The Election Commission today flagged the “very poor” response of the Ministry of External Affairs in enlisting its employees serving abroad as service voters even as it asked various organisations to walk an extra mile in enrolling their personnel in the electoral rolls. Chief Election Commissioner A K Joti told the representative of the MEA at a seminar on enrolling service voters that “yours is an easier job, but the response is very poor, because hardly anybody is able to vote”. Earlier, addressing the gathering, the CEC said his interaction with embassy officials in Romania and the meetings his officials had with mission staff in Washington DC and New York had revealed that not many MEA employees posted abroad have been able to cast their vote in elections here.

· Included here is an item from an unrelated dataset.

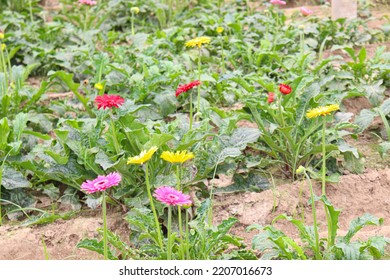 Gerbera Flower Garden On Farm For Harvest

Defence Secretary Sanjay Mitra, representatives from the home and the external affairs ministries, besides officers from the armed forces and central armed police forces were present. Secretary (East) in the MEA Preeti Saran said in her career as Indian Foreign Service office spanning 35 years, she has been able to vote only once. She said a record number of officers in 183 Indian missions abroad have been appointed to enrol Indian employees as service voters. According to Deputy EC Sandeep Saxena, out of 29 lakh people eligible to be enlisted as service voters, 14.5 lakh have been enrolled this year.
To wipe out the names of retired and deceased personnel from the list of service voters, the EC has initiated an exercise to register such voters afresh in the electoral rolls of all Lok Sabha and assembly constituencies. Joti said at a time when the country is following the dream of digital India, enrolling 30 lakh people as service voters should not be a difficult task.
He said that with the use of latest information, communication and technology (ICT) tools, the Commission was able to remove one crore “errors” from electoral rolls, clean up 35 lakh “duplicate” entries and issue voter I-cards to 99 per cent of the total Indian electorate. He said the inclusion of service voters in the electoral rolls becomes all the more important as the number of voters has risen from 83 crore in 2014 to 86.86 crore now.